### DIRECTIONS FOR THIS TASK
From the listing below, return each line that includes "White".

### RECORDED DATA
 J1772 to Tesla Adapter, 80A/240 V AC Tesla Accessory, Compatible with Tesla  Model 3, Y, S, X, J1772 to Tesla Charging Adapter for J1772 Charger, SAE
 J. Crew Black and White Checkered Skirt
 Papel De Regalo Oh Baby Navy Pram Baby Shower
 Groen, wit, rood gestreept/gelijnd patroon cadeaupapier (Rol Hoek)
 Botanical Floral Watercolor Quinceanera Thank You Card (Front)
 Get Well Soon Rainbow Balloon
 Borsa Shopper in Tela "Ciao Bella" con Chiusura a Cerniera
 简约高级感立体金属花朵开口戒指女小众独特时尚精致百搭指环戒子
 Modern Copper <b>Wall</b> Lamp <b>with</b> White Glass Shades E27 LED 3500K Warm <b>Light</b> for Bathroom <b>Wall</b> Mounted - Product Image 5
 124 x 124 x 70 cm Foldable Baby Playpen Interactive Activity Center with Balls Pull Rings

### RESPONSE FOR THIS EXERCISE
 J. Crew Black and White Checkered Skirt
 Modern Copper <b>Wall</b> Lamp <b>with</b> White Glass Shades E27 LED 3500K Warm <b>Light</b> for Bathroom <b>Wall</b> Mounted - Product Image 5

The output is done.